The proliferation of portraits of Algerian women insured their familiarity to a broad public. The pictures promote the conflation of dance with promiscuity in Arab women.

An even more insidious side to using indigenous people in colonial exhibits were the display of naked African men and women in caged enclosures along with exotic species of the animal kingdom.

Europeans justify the pornographic nature of photographs of indigenous as scientific and artistic study. In the eyes of the women, however, is a refusal to appear satisfied with their treatment.

The Trocadero Museum is the French monument at the heart of the colonial exhibition at the 1900 World Fair. Thus, all the displays are a pseudo-scientific discourse that emphasizes racial differences.

The French created a dichotomy between the Dahome and Algerian exhibits. Though today the former French colonies are independent, they are still linked politically and economically with the West.

Colonial material culture is elevated to the level of art in the colonial exhibits at the 1900 World Fair. Yet, exhibits are devoid of information about cultural meaning these objects have within the indigenous cultures.

Exhibitions of material culture are displayed throughout the West. They show no connection with cultural meaning, and are evaluated through the eyes of Western viewers who believe they are seeing "art" rather than material cultural objects.

In a contemporary display of Palestinian costumes, the contemporary political context is integral to the display. The display exposes cultural erosion as well as resilient transformation in light of the Palestinian/Israeli conflict.

Indigenous material culture on display as art in Western collections can be tied to an appreciation by descendants of the original objects.

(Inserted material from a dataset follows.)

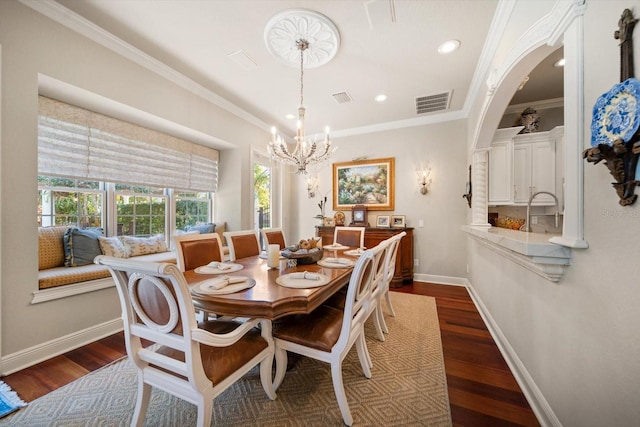 dining room featuring baseboards, visible vents, dark wood finished floors, and ornamental molding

Jackson Pollock: Michael Fried and T. J. Clark in Conversation 

Michael Fried and T.J. Clark agree that Pollock is an enormously important modernist master who raises many questions with his work. They also acknowledge that he has been used as a negative point of reference for modern art. They agree on Pollock's importance in modern art but have offered conflicting reasons. Clark's emphasis is on the historical role of modern art while Fried is focused on the independence of its aesthetic.
Fried explains his opposition to art news in and the rhetoric of art in art news written in the 1950s. He strongly dislikes the description of art in vulgar existentialist terms.

Fried and Clark discuss an article in which Fried described Pollock's work as optical as opposed to tactical. He has since modified his ideas as he believes that was not a constructive point of view.

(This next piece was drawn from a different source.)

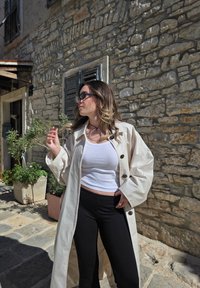 Manteau long beige avec de grands boutons, associé à un débardeur blanc et à un pantalon noir. Texture lisse, coupe décontractée et cadre extérieur visible.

Michael early modernism stemmed from a rejection of the existentialist concept of action painting. Clark is also weary of existential melodrama but as a social historian has been concerned with relating art to other human action.

Clark defines Pollock's Lavender Mist quality as the ability of a painting to articulate the conditions of human beings at a particular moment.
Even with a certain level of agreement Clark and Fried offer accounts that pull in different direction partly because of the problem of adequately describing Pollock's work and relating defined terms to the artist's intentions.

Fried and Clark find that what makes Pollock's work critical can't be disentangled from describing what he's done. In this way the concentration his work requires challenges the distraction endemic in the wider culture.
Fried and Clark discuss Pollock in front of Autumn Rhythm. They now agree on the need for historical accounts of Pollock's radical abstraction but also that its historical significance can't be separated from its pictorial quality.

Fried and Clark are both committed to a historical way of looking at art and realize they are redefining the terms with which they speak of Pollock's work to reach a place of agreement over his historical importance.

Do the videos relate to the creation of your Art Criticism Project?
Yes, hearing critics, especially those like Greenberg, T.J Clark, and Michael Fried really help me understand how important it is when criticizing art to keep certain things in mind, and certain things out. I tended to agree with Michael Fried the most for his stance that art should be judged by its aesthetic independence. To me the history and artist doesn’t particularly matter as much as how it makes the viewer feel because art is about aesthetics, and aesthetics is about feeling. I am going to different strategies from all three critics during my art criticism project.
What is your opinion of the films? Do they add depth to your understanding of art criticism?
I appreciated the films though some of the interviews could be annoying. I appreciated the short length this time around during CEP week. They add depth to my understanding of art criticism because it reassures me that it’s not at all (or supposed to be) about personal taste. I understand how much thought and process goes into art criticism and how educated the critics are… in other words, they aren’t just opinionated know-it-alls, there is actually merit to how they critique, just no science…which seems difficult!